LinkedIn reports that job postings requiring green skills have increased by 8% over the past five years, even though the green talent pool has only grown by 6% during the same period. To achieve a net-zero planet—a world where greenhouse-gas emissions are virtually nonexistent—it’s estimated that companies will need to create more than 300 million additional green-collar jobs by 2050.
As more and more sectors consider how to operate more sustainably, they face questions around how to best upskill the workforce. In 2021, President Biden issued an executive order outlining an ambitious path to mainstreaming sustainability within the Federal workforce. His plan involves building internal capacity through engagement, education, and training on Federal sustainability, climate adaptation, and environmental stewardship. Meanwhile, higher education has played its own role: last June, Boston University brought together researchers and leaders in climate change for a congressional briefing on how to build a workforce to meet the global challenges around sustainability.
While “green skills” have often been associated with jobs within the environmental sector, their definition has become increasingly flexible.

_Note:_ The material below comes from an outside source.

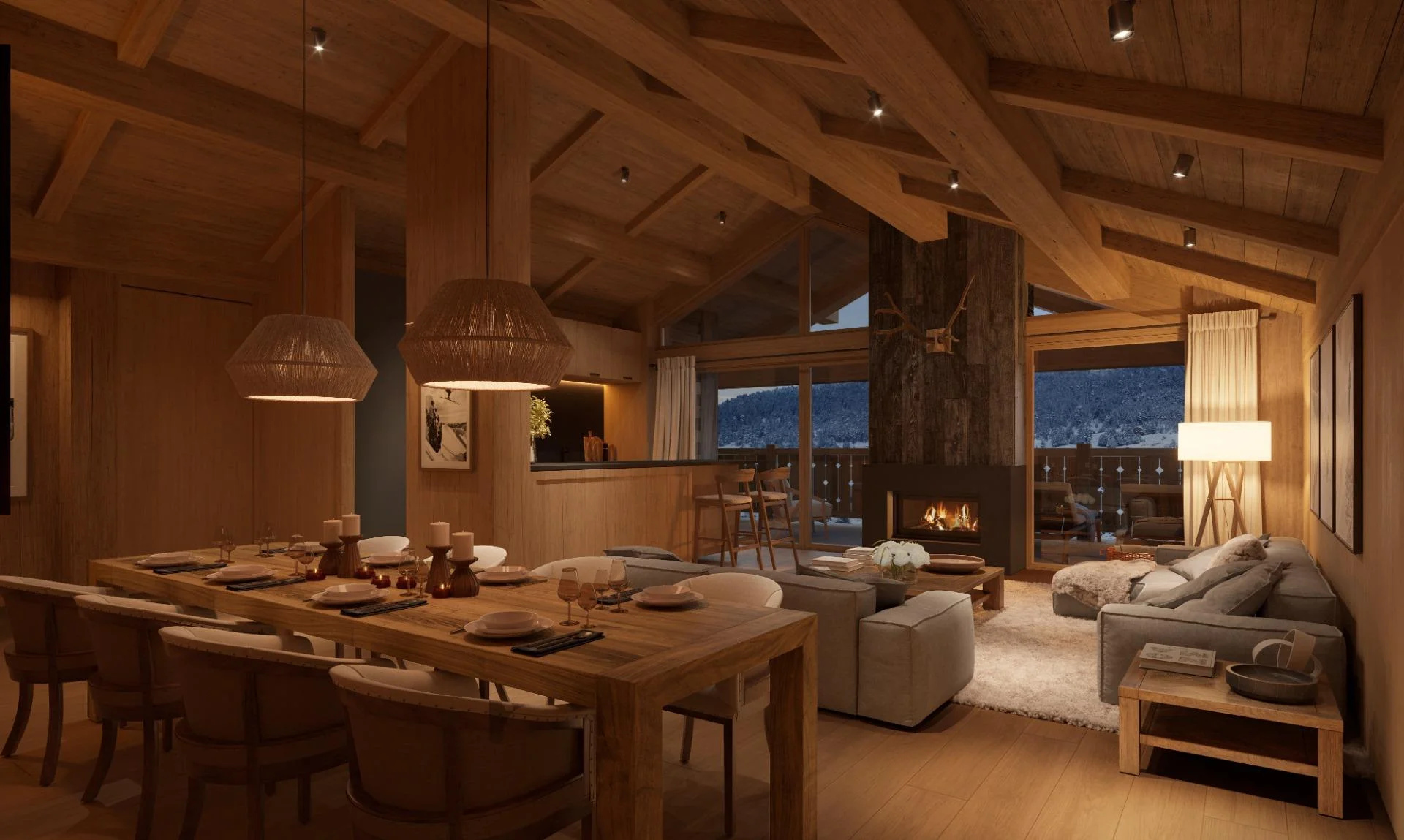 New-build ski flat in El Tarter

According to LinkedIn, most jobs requiring green skills encompass not only traditional green industries like solar and wind, but also roles across just about every sector of employment. Green skills are less and less about technical expertise and more and more about how a person thinks about the role decarbonization plays (or doesn’t play) in their approach to doing business.
Maybe this is what Roslansky means when he encourages companies to go beyond the résumé. The deeper we get into the ecological crisis, the more we are encouraged to question our decisions, including how we evaluate people’s ability to come up with new and innovative solutions to saving the planet.
As they say, “What got us here won’t get us out.”
Becoming more and more sustainable—considering both purpose and profit—might require hiring people who have a more connected and inclusive way of seeing the world.